The result of telling the story of rot at the top does not result in health at the base, however. Both progressives and evangelicals are content with localized cohesion and the continuation of mutual isolation. The problem for the many congregations and pastors who are neither is the absence of significant ecclesial relationships beyond themselves. Critique of rot at the top does not result in commitment to work for the good of the whole. And so the story circles around again to the survival of triumphant individual churches and the diminishment of the benevolent community.

Our story
We are the PC(USA), which is to say that we are steeped in our culture and cannot pretend that we float above it. So, the American stories are our stories as well. But they are not the only stories we have. The Reformed narration of Christian faith and life can be characterized by our distinctive take on the “apostolic benediction”: The grace of the Lord Jesus Christ, the love of God and the communion of the Holy Spirit be with you all.
“The love of God” is our way of talking about God’s providence. Far from sentimental assurance that we are lovable, God’s love is that of Creator for creatures, Sovereign for servants, Parent for children. This means that the stories we tell about ourselves are fictions unless they are subplots in God’s story. God’s story is not to be sought in facile allusions to “what God is up to,” but in the story that transcends our little time and place. The impossibly long sentence in Ephesians 1:3-14 is a far better indicator of God’s providential love.
“The grace of the Lord Jesus Christ” is our way of talking about the totality of God’s condescension in incarnation-crucifixion-resurrection-ascension-promised coming. All of this is “for us and our salvation,” that is, for the redemption of humankind from the power of sin and death. Grace is not a little word to describe my reception of God’s favor, but a cosmic word that calls the people of God, forms the body of Christ and shapes the communion of the Holy Spirit.

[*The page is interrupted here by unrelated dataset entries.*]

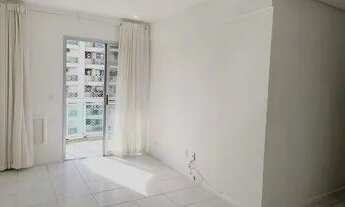 Imagem 2: Apartamento para venda com 2 quartos vila olímpica em Jacarepaguá - Rio de Janeiro - RJ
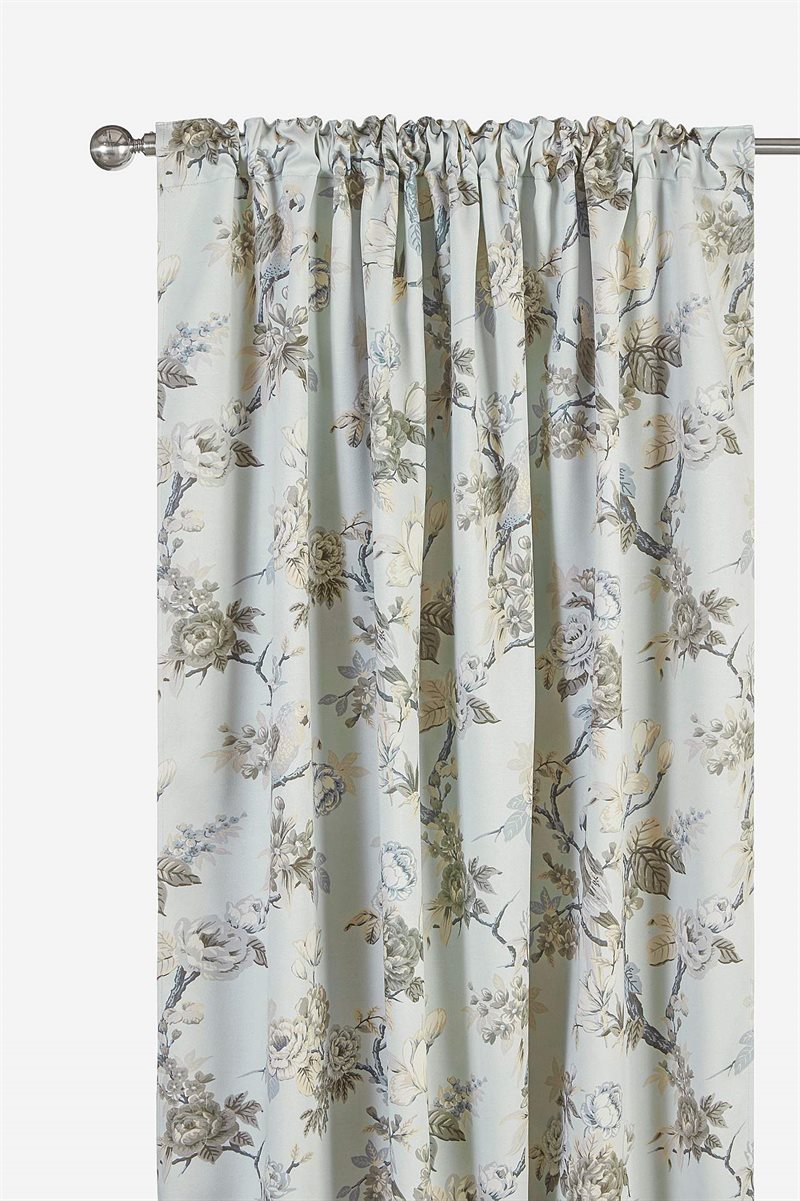 Product Image for Mörkläggningsgardin multiband Birdy 2-pack
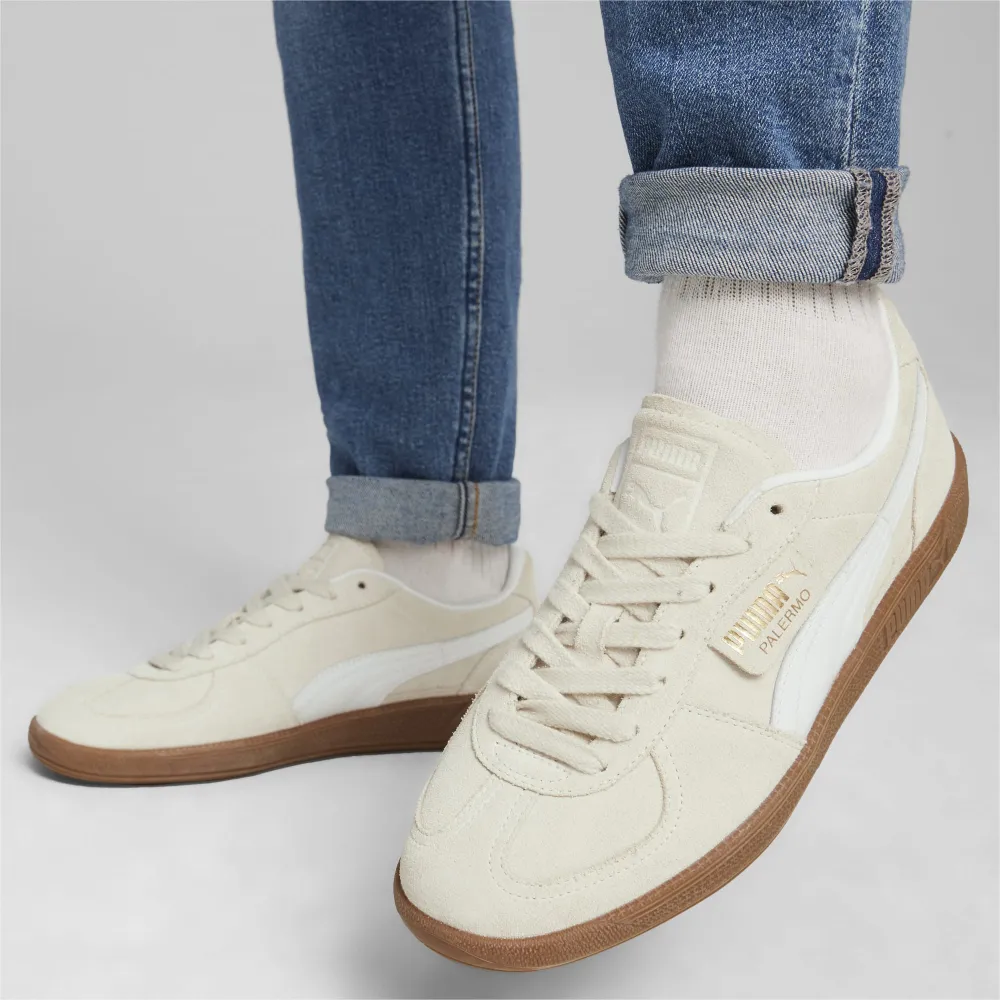 PUMA Palermo 396463_11 / weiss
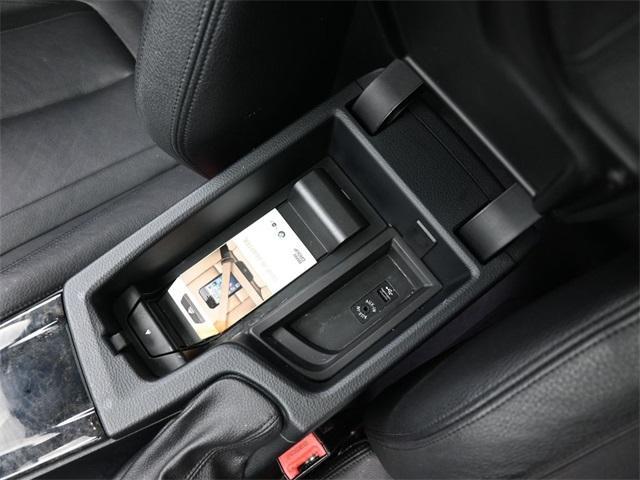 used 2016 BMW 428 Gran Coupe car, priced at $10,999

It is “the communion of the Holy Spirit” that is our distinctive way of talking about the life of the church. “Communion” translates koinōnia, of course, but it is not the only way that koinōnia is rendered in English. The NRSV translates it variously as communion, fellowship, participation, partnership, sharing, contribution and taking part. The variety of translations suggests the richness of the word, but readers of English versions are unaware that one Greek word underlies disparate English vocabulary. In turn, this obscures the relationships among such seemingly dissimilar matters as Trinity, sharing money, reconciliation, Christ’s body and blood, community and truth. (With apologies to the Fellowship Community, “fellowship” is too weak a word to convey the power of koinōnia.) The church is called to the new life of communion, characterized by deep, intimate relationship with the One God – Father, Son and Holy Spirit – and so to deep, intimate human relationships of mutual responsibility.
The story of God’s love, Christ’s grace and the Spirit’s communion transforms the ways the church is called to tell the American stories of personhood, community, distinctiveness and reformation. Soli Deo gloria.
Joseph Small served as director of the PC(USA) Office of Theology and Worship from 1989-2011. In retirement he serves (very) part-time as church relations consultant to the Presbyterian Foundation. He lives in Louisville, Kentucky.